Though Israel’s soldiers are widely demonized, Dermer said, “No military has done more to protect the civilians of their enemies.”
When Dermer meets with ambassadors from other countries, he asks them how many lives they think have been lost in the history of the Israeli-Palestinian conflict dating back to 1920. He said he gets estimates as high as 2 million and the lowest he’s heard is 250,000. In reality, only 20,000 Israelis and Palestinians have lost their lives in nearly a century of conflict.
He compared that to the 900,000 killed in Rwanda (in just 100 days), 400,000 in Darfur (since 2003) and about 300,000 in Syria (in just five years).
“Israel is not perfect, we make mistakes,” he said. “But when a soldier makes a mistake, they are judged.”

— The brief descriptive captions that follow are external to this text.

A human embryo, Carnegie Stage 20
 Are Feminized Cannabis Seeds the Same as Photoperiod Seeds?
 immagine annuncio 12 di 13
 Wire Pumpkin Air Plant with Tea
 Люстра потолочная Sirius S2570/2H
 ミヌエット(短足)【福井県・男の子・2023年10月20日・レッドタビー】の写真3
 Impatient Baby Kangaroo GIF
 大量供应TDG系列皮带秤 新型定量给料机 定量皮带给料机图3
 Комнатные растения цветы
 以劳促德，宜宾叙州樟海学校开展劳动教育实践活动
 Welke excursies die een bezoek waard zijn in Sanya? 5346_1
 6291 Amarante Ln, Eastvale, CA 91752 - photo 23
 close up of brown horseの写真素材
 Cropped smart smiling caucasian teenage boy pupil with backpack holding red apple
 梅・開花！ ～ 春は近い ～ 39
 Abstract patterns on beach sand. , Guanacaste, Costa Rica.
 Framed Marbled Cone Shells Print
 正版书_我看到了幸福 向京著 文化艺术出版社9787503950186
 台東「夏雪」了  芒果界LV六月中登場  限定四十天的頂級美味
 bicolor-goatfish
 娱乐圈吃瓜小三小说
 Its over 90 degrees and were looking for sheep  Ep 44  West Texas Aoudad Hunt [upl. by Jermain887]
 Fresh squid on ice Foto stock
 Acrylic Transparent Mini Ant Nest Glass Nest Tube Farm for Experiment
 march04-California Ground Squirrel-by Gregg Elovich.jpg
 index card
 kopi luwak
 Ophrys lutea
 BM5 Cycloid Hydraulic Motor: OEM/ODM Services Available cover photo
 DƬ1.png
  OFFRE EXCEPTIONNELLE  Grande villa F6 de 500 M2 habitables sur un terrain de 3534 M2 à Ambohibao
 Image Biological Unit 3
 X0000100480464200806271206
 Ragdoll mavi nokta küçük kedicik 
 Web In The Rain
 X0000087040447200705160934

Dermer also spoke briefly about Israel’s greatest existential threat – Iran’s goal to “obliterate Israel,” both through its efforts to develop nuclear weapons and through its support of a web of terrorist organizations encircling Israel. The topic came up again at the end of his talk when he was asked his views regarding comments that President Obama is not Israel’s friend, particularly in the face of the Iran deal brokered by his administration.
Dermer responded by saying, “There has never been an administration in history that Israel has not had disagreements with.” Despite the many differences with administrations since Israel’s founding, “We have no better ally in the world than the United States of America, and I believe America has no better ally than Israel.”
On the Iran deal, Dermer said, “We disagree on this issue, but when the president says he believes it is better for the American people and Israel, I believe he is being sincere. I believe he is wrong, but sincere.”
“We have disagreed on the best way to advance peace … but the president has supported Israel on very important occasions,” said the ambassador. “The president has done many things for Israel that are known, many that are not known and many that will never be known.”